New quarter is located on western side of municipality and mostly consists of post-Soviet houses on former sovkhoz lands. Inhabitants are mostly refugees from Karabakh as well as non-local population which came from nearby municipalities.

=== Gardens ===
Locals have additional lands seaside, which are called "Ləhiş bağları" (Lahij gardens).

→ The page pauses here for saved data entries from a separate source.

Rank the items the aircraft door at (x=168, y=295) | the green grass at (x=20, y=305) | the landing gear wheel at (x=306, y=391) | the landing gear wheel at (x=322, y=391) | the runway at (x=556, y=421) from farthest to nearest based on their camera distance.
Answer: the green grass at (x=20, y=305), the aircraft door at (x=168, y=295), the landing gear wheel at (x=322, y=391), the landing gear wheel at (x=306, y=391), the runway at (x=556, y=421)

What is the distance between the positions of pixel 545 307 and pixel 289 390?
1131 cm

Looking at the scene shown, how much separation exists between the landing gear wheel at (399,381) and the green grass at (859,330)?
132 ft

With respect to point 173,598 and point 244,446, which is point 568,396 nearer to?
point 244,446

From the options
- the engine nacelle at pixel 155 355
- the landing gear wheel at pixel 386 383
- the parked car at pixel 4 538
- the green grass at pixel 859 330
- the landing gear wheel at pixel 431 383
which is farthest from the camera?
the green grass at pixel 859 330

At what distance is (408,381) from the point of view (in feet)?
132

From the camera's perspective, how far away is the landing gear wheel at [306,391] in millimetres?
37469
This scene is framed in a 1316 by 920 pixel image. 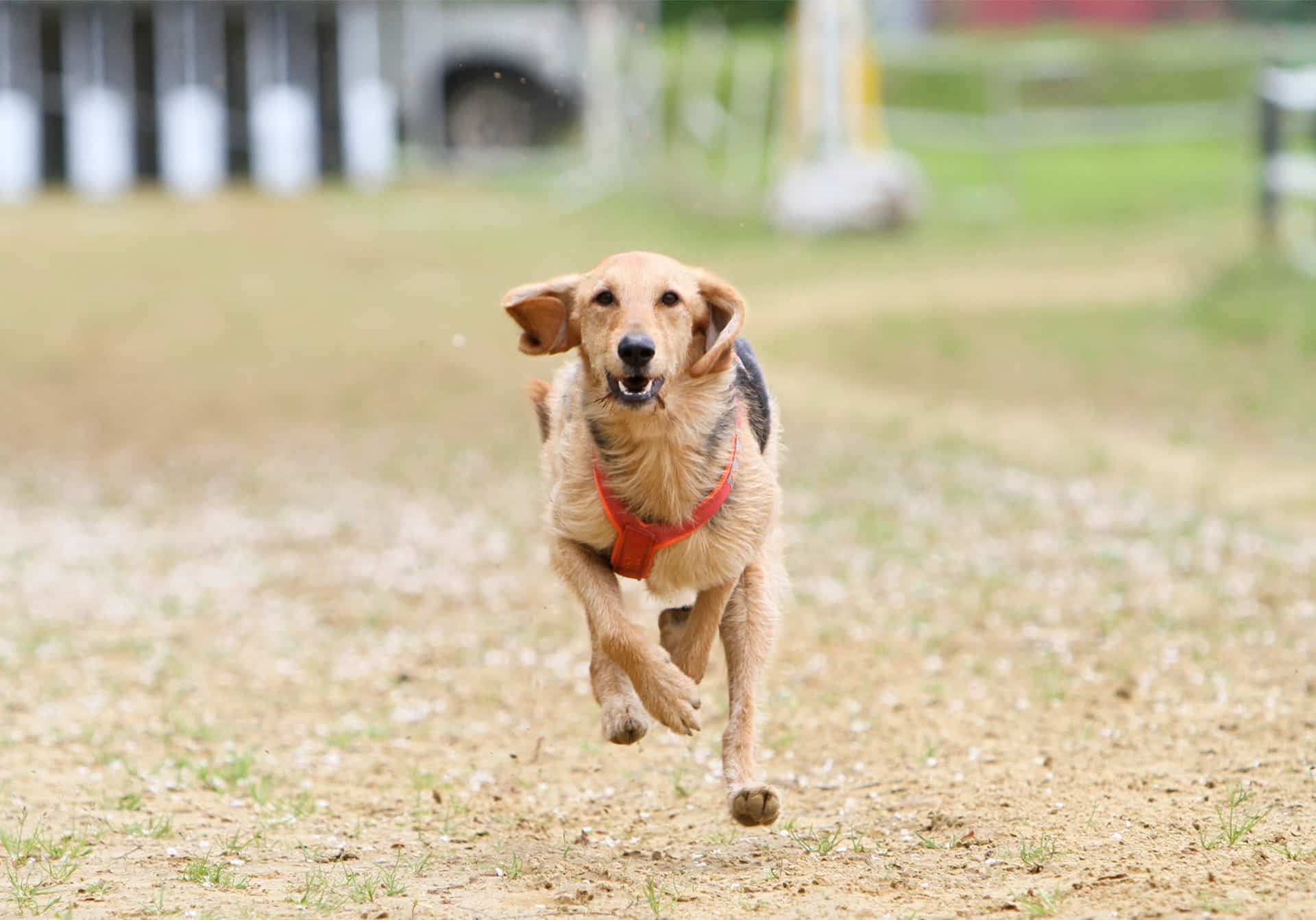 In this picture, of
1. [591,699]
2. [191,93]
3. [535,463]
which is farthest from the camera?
[191,93]

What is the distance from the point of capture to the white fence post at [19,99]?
25641mm

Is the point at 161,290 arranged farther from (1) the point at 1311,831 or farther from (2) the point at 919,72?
(2) the point at 919,72

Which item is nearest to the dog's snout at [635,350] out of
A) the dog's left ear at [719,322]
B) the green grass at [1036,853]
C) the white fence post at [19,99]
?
the dog's left ear at [719,322]

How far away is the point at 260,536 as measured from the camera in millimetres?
10219

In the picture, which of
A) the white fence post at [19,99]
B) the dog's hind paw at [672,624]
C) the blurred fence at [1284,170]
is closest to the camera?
the dog's hind paw at [672,624]

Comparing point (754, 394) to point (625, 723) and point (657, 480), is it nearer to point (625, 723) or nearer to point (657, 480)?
point (657, 480)

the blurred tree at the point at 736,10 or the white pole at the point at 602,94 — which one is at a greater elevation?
the blurred tree at the point at 736,10

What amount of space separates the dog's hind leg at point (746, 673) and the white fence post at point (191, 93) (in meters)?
21.9

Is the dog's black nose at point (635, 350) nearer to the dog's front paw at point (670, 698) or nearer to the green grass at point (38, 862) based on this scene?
the dog's front paw at point (670, 698)

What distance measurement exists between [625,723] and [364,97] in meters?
22.9

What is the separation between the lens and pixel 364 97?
87.3 feet

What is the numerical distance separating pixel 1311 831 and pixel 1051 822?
734 mm

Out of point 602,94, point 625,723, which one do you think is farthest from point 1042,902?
point 602,94

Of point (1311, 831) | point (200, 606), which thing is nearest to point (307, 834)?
point (1311, 831) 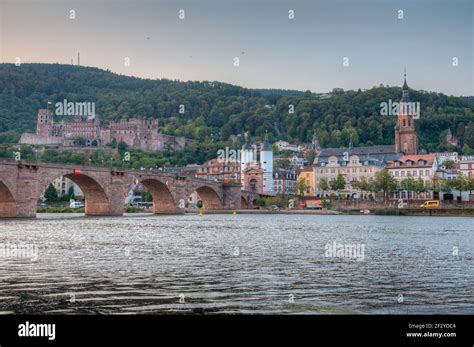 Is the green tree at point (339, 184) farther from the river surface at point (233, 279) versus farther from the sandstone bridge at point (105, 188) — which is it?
the river surface at point (233, 279)

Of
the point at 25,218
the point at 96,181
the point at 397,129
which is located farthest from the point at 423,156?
the point at 25,218

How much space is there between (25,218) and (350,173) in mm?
71583

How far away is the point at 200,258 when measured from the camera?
2383 centimetres

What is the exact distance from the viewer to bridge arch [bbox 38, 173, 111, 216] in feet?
238

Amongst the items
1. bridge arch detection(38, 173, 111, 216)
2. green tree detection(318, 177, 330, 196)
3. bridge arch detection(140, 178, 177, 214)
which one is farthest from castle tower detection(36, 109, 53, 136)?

A mosque exists in gardens quarter which was built by local inhabitants in the 19th century, besides a khanqah of an Ahi Brotherhood which was built in 1448.

== Famous people ==
- Vasim Mammadaliyev - Azerbaijani scientist of oriental studies
- Huseynbala Aghaverdiyev (1890–1937) - Minister of the State Property and Cultivation of Azerbaijan SSR, also a street named after him.
- Abbasgulu Kazimzadeh - Founding member of Musavat party, member of Azerbaijan Democratic Republic parliament
- Baba Punhan - Famous Azerbaijani poet

===Martyrs===
Several martyrs of the first Karabakh war were born in Kurdakhany - Ilgar Guliyev (has a street named after him), Pasha Nazirov, Faiz Heydarov, Ilgar Zulfugarov (a street named after him), Natig Babayev, Fikrat Babayev, Mubariz Mammadov.

== Miscellaneous ==
Kurdakhany has a relatively modern "Yamin Castle" (Yamin qalası), named after his builder Yamin who built this "castle" by his own hands during his madness.